■ WORK TO COMPLETE
Skipping all pictures, set down the lines of the listing from the first through the one with "Danxen Mænd Marokko".

——

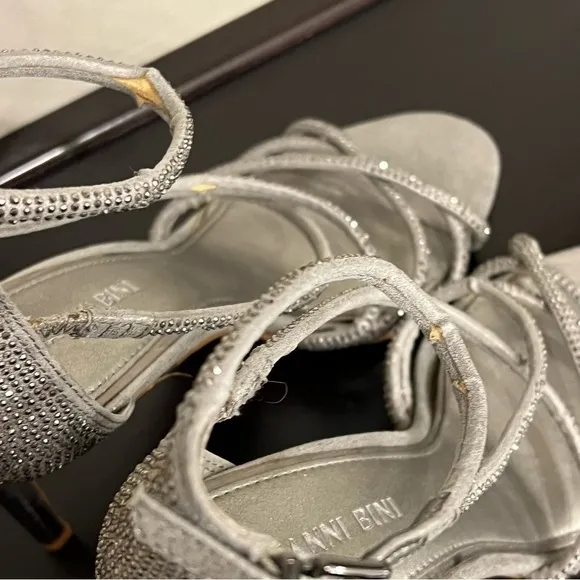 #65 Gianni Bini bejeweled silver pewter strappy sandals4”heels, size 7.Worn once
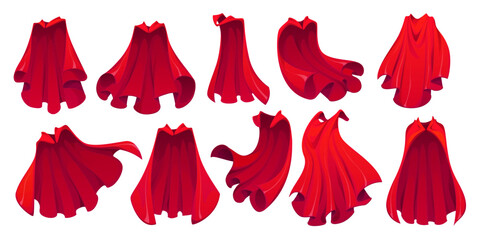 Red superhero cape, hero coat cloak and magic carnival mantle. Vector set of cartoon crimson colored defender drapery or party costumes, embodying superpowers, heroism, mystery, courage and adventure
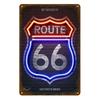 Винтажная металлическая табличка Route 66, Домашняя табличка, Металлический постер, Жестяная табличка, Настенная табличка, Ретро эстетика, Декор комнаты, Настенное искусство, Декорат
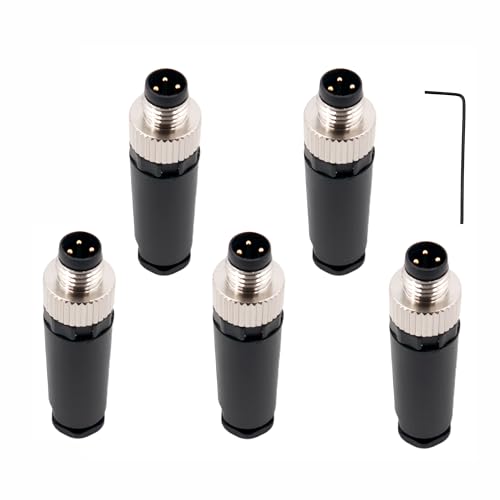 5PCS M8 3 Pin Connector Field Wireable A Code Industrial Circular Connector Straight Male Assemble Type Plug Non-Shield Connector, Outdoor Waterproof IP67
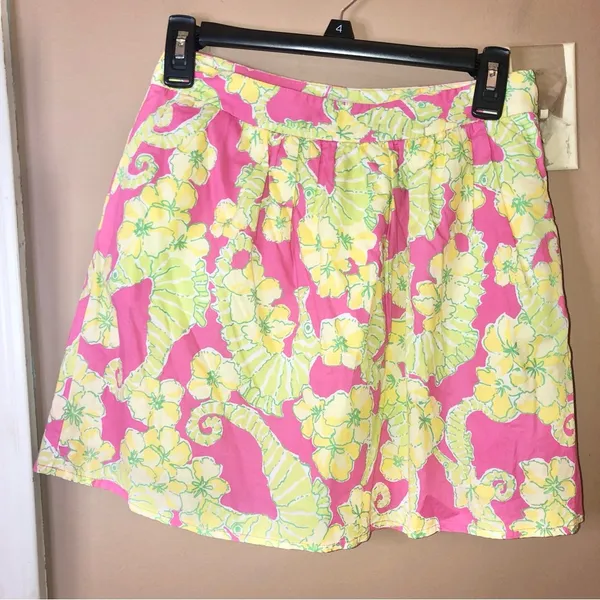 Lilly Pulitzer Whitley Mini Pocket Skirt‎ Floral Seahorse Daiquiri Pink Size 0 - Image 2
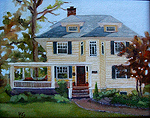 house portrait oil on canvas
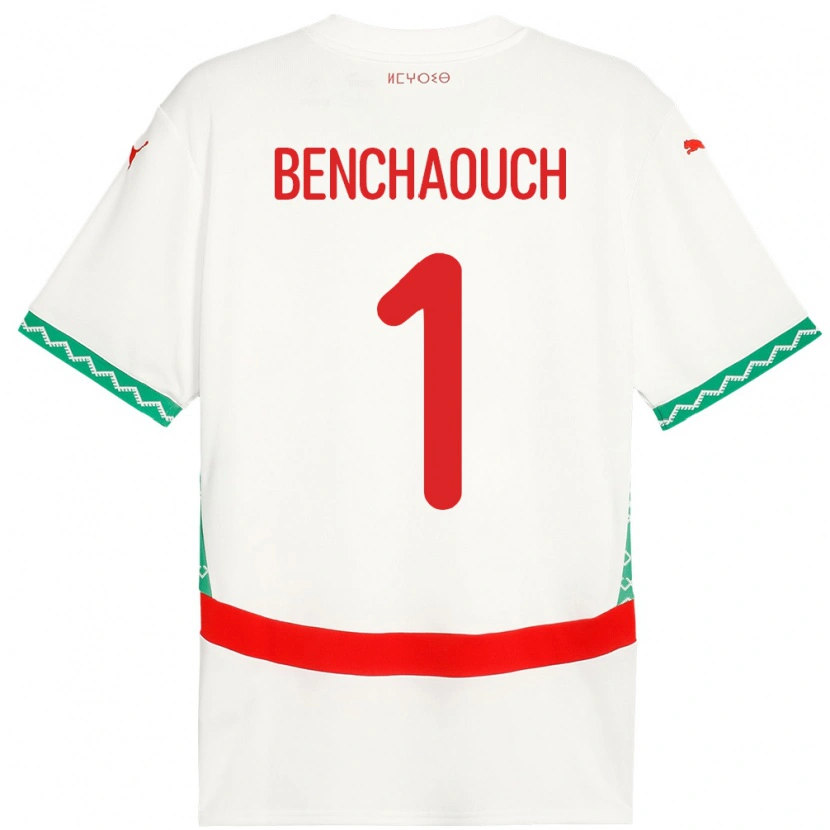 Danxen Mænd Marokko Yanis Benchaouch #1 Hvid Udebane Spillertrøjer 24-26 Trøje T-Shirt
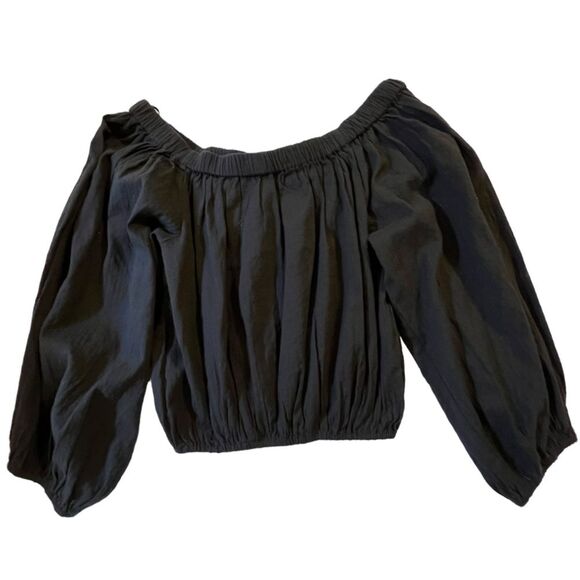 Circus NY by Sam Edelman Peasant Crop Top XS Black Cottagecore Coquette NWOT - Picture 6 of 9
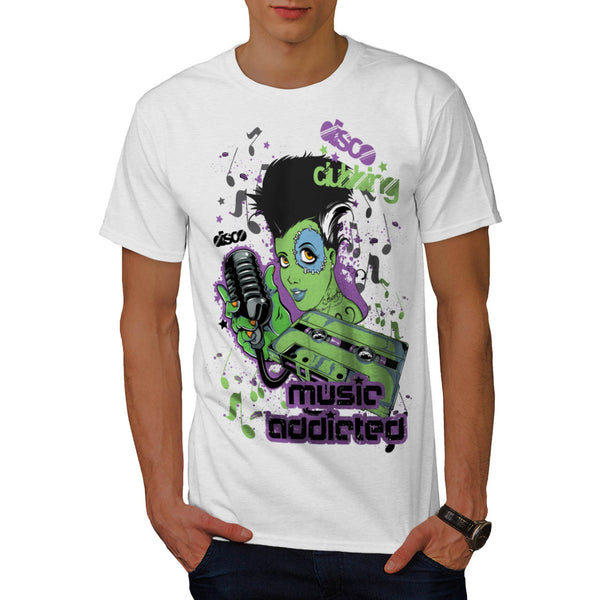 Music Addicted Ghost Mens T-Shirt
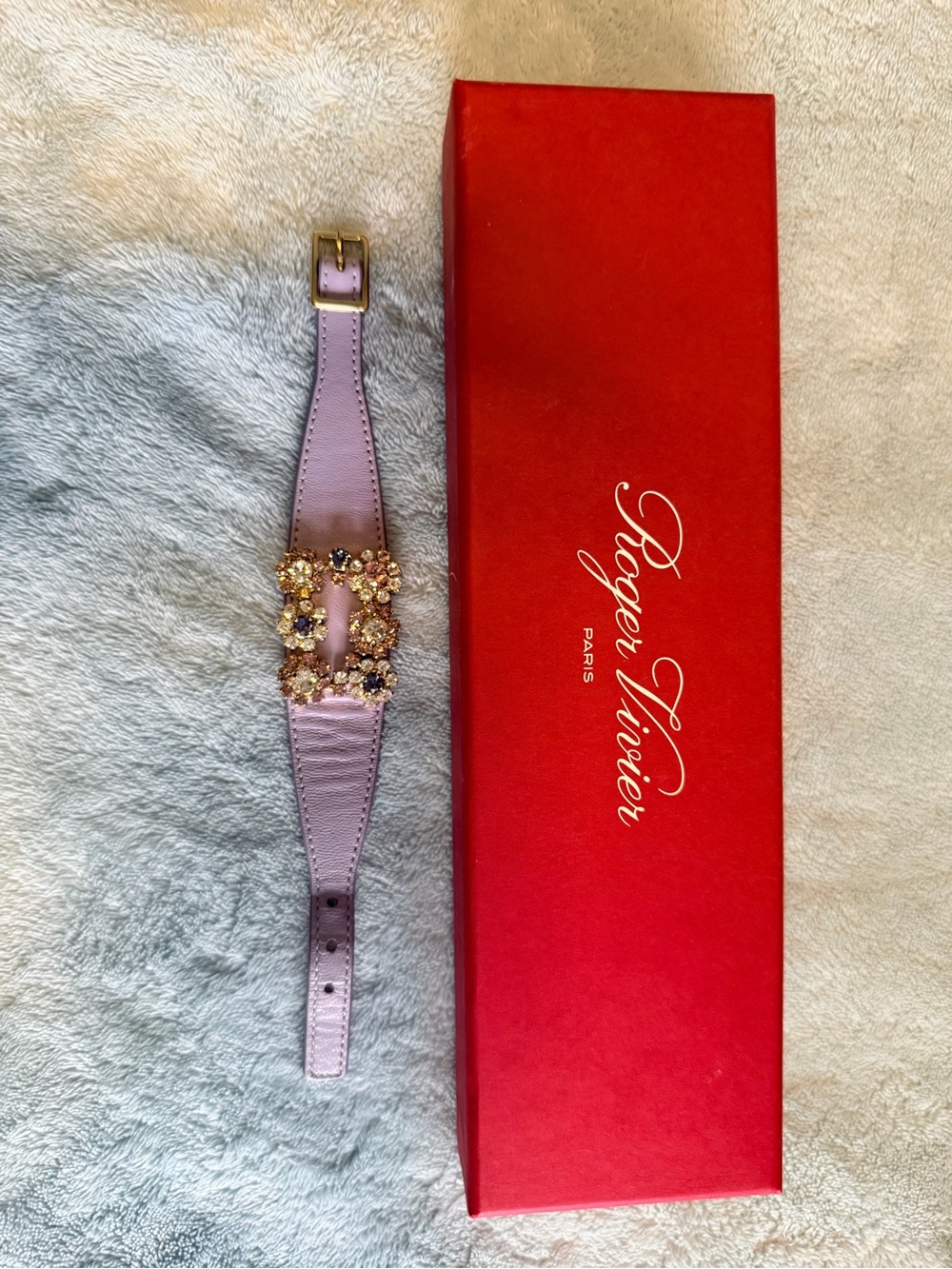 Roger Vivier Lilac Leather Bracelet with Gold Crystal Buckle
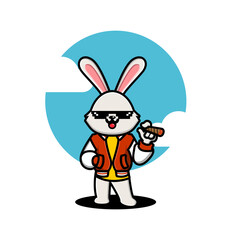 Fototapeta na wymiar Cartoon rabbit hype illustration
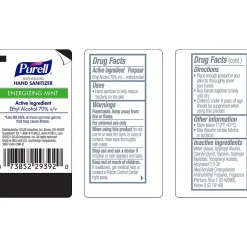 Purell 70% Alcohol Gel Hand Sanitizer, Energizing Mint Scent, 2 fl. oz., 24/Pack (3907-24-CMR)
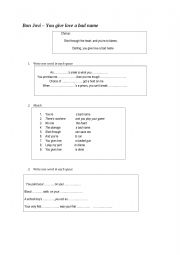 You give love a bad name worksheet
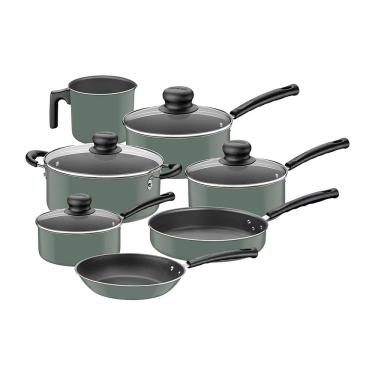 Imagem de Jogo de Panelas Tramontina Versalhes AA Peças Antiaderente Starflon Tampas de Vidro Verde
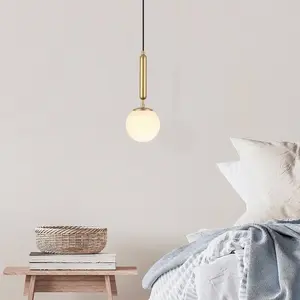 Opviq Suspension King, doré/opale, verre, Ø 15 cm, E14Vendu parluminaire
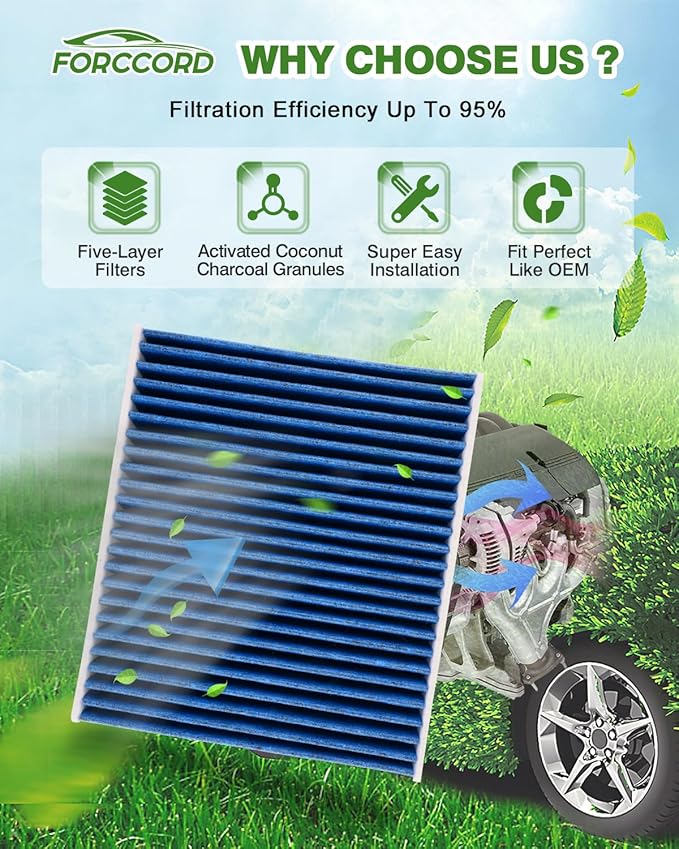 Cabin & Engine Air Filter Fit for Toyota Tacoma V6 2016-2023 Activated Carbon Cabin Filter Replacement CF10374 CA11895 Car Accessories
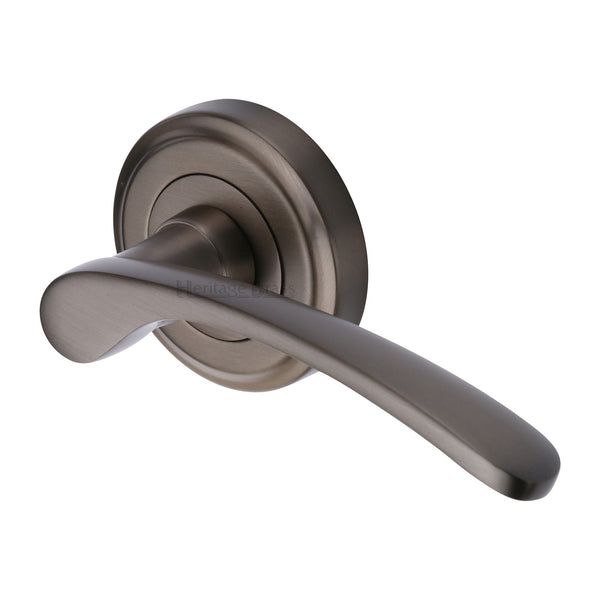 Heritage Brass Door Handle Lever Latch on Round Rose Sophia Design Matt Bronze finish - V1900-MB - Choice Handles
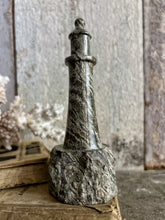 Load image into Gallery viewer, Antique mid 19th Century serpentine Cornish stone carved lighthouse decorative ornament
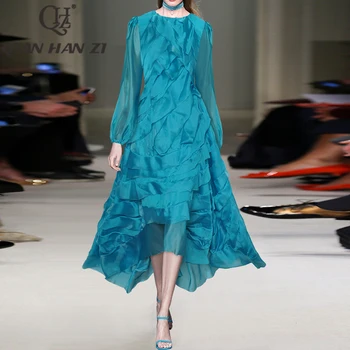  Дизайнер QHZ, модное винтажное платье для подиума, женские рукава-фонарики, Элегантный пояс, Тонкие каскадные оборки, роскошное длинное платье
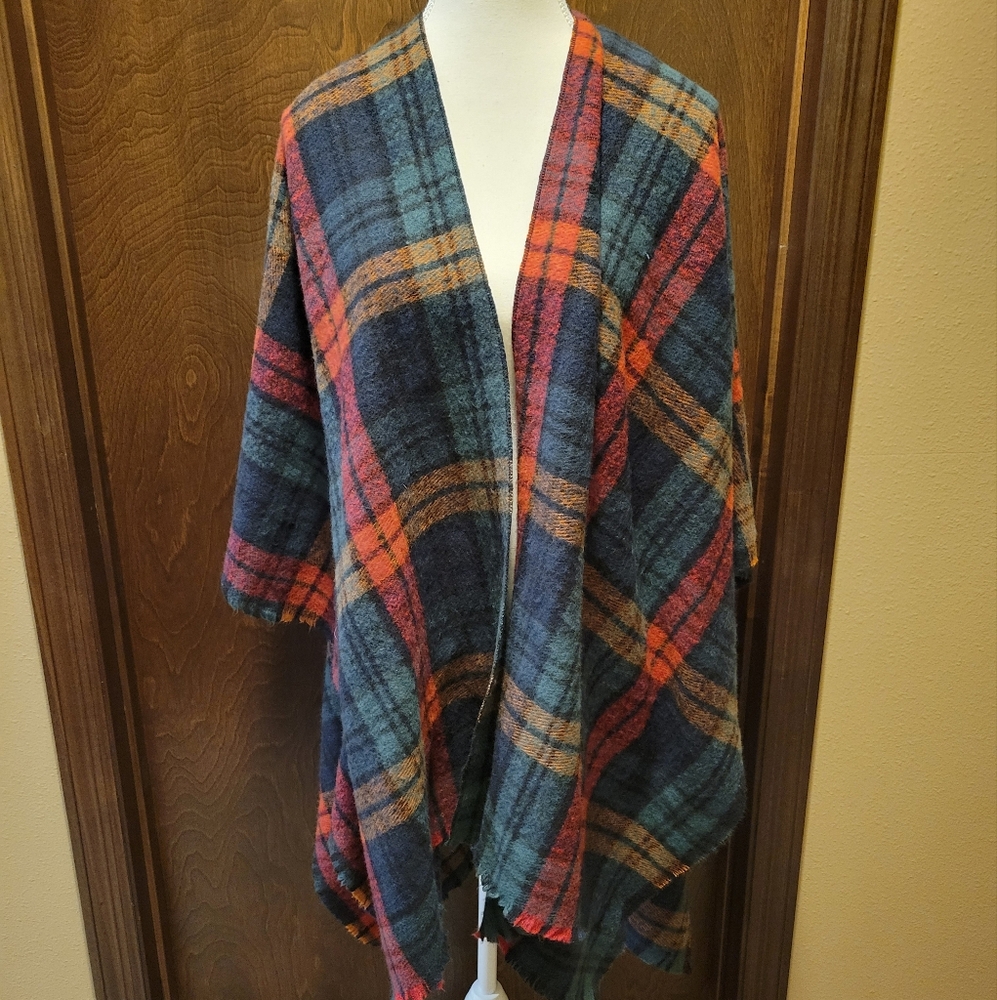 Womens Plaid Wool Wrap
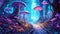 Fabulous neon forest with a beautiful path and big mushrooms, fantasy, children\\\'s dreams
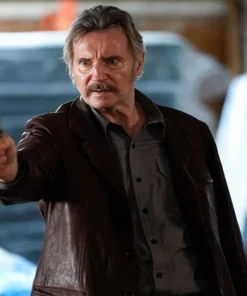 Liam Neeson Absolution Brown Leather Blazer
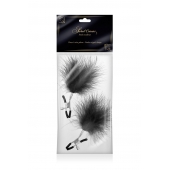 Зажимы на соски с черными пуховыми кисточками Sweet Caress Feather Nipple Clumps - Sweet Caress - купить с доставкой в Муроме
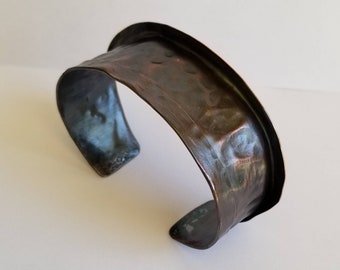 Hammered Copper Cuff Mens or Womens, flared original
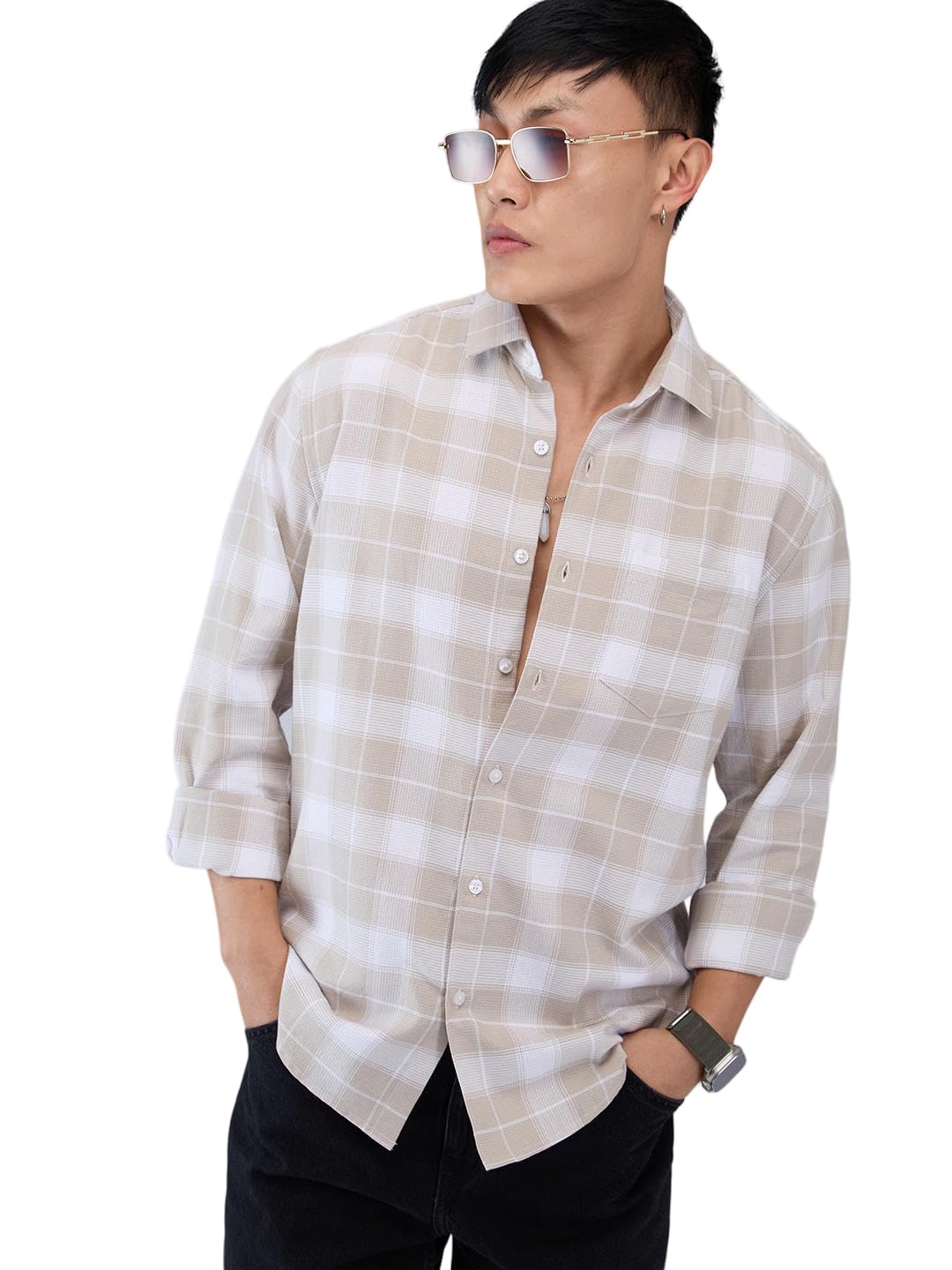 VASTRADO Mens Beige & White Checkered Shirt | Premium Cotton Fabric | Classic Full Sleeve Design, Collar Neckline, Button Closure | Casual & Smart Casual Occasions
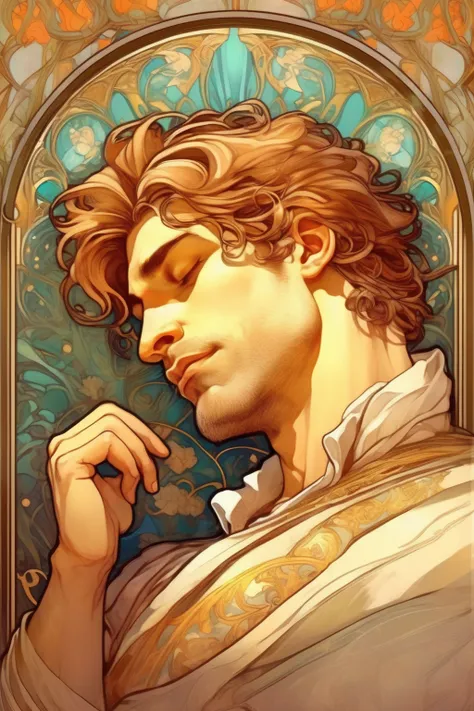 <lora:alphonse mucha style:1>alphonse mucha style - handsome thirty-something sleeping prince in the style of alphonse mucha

——

■ RESPONSE TO THE TASK
 #65 Gianni Bini bejeweled silver pewter strappy sandals4”heels, size 7.Worn once
 Red superhero cape, hero coat cloak and magic carnival mantle. Vector set of cartoon crimson colored defender drapery or party costumes, embodying superpowers, heroism, mystery, courage and adventure
 Винтажная металлическая табличка Route 66, Домашняя табличка, Металлический постер, Жестяная табличка, Настенная табличка, Ретро эстетика, Декор комнаты, Настенное искусство, Декорат
 5PCS M8 3 Pin Connector Field Wireable A Code Industrial Circular Connector Straight Male Assemble Type Plug Non-Shield Connector, Outdoor Waterproof IP67
 Lilly Pulitzer Whitley Mini Pocket Skirt‎ Floral Seahorse Daiquiri Pink Size 0 - Image 2
 house portrait oil on canvas
 Danxen Mænd Marokko Yanis Benchaouch #1 Hvid Udebane Spillertrøjer 24-26 Trøje T-Shirt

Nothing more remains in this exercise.